3.5. Reservation. During
the period the conversion right exists, Borrower will reserve from its
authorized and unissued Common Stock not less than two
hundred percent (200%) of the number of shares to provide for the issuance of
Common Stock upon the full conversion of this Note.
Borrower represents that upon issuance, such shares will be duly and validly
issued, fully paid and
non-assessable. Xxxxxxxx agrees that its issuance of this Note shall constitute
full authority to its officers, agents, and transfer agents who are charged with
the duty of executing and issuing stock certificates to execute and issue the
necessary certificates for shares of Common Stock upon the conversion of this
Note.
3.6 Issuance
of Replacement Note. Upon
any partial conversion of this Note, a replacement Note containing the same date
and provisions of this Note shall, at the written request of the Holder, be
issued by the Borrower to the Holder for the outstanding Principal Amount of
this Note and accrued interest which shall not have been converted or paid,
provided Xxxxxx has surrendered an original Note to the Company. In the event
that the Holder elects not to surrender a Note for reissuance upon partial
payment or conversion, the Holder hereby indemnifies the Borrower against any
and all loss or damage attributable to a third-party claim in an amount in
excess of the actual amount then due under the Note.
ARTICLE
IV
EVENTS
OF DEFAULT
The
occurrence of any of the following events of default ("Event of Default") shall,
at the option of the Holder hereof, make all sums of principal and interest then
remaining unpaid hereon and all other amounts payable hereunder immediately due
and payable, upon demand, without presentment, or grace period, all of which
hereby are expressly waived, except as set forth below:
4.1 Failure
to Pay Principal or Interest. The
Borrower fails to pay any installment of Principal Amount, interest or other sum
due under this Note or any Transaction Document when due and such failure
continues for a period of ten (10) business days after the due
date.
4.2 Breach
of Covenant. The
Borrower breaches any material covenant or other term or condition of the
Subscription Agreement, this Note or Transaction Document in any material
respect and such breach, if subject to cure, continues for a period of ten (10)

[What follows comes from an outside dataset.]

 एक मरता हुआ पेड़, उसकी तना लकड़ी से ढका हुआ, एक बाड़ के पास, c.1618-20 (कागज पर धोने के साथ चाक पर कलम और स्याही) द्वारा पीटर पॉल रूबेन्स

business days after written notice to the Borrower from the Holder.
4.3 Breach
of Representations and Warranties. Any
material representation or warranty of the Borrower made herein, in the
Subscription Agreement, Transaction Document or in any agreement, statement or
certificate given in writing pursuant hereto or in connection herewith or
therewith shall be false or misleading in any material respect as of the date
made and a Closing Date.
4.4 Receiver
or Trustee. The
Borrower or any Subsidiary of Borrower shall make an assignment for the benefit
of creditors, or apply for or consent to the appointment of a receiver or
trustee for them or for a substantial part of their property or business; or
such a receiver or trustee shall otherwise be appointed.
6
4.5 Judgments. Any
money judgment, writ or similar final process shall be entered or filed against
Borrower or any subsidiary of Borrower or any of their property or other assets
for more than $50,000, and
shall remain unvacated, unbonded or unstayed for a period of forty-five (45)
days.
4.6 Non-Payment. A
default by the Borrower under any one or more obligations in an aggregate
monetary amount in excess of $100,000 for more than thirty (30) days after the
due date.
4.7 Bankruptcy.
Bankruptcy, insolvency, reorganization or liquidation proceedings or other
proceedings or relief under any bankruptcy law or any law, or the issuance of
any notice in relation to such event, for the relief of debtors shall be
instituted by or against the Borrower or any Subsidiary of Borrower and if
instituted against them are not dismissed within forty-five (45) days of
initiation.
9.7. Delisting.
Delisting of the Common Stock from the OTC Bulletin Board (“Bulletin Board”) or
such other principal exchange on which the Common Stock is listed for trading;
failure to comply with the requirements for continued listing on the Bulletin
Board for a period of seven consecutive trading days; or notification from the
Bulletin Board or any Principal Market that the Borrower is not in compliance
with the conditions for such continued listing on the Bulletin Board or other
Principal Market.
4.9 Stop
Trade. An SEC
or judicial stop trade order or Principal Market trading suspension with respect
to Borrower’s Common Stock that lasts for five or more consecutive trading
days.
4.10 Failure
to Deliver Common Stock or Replacement Note.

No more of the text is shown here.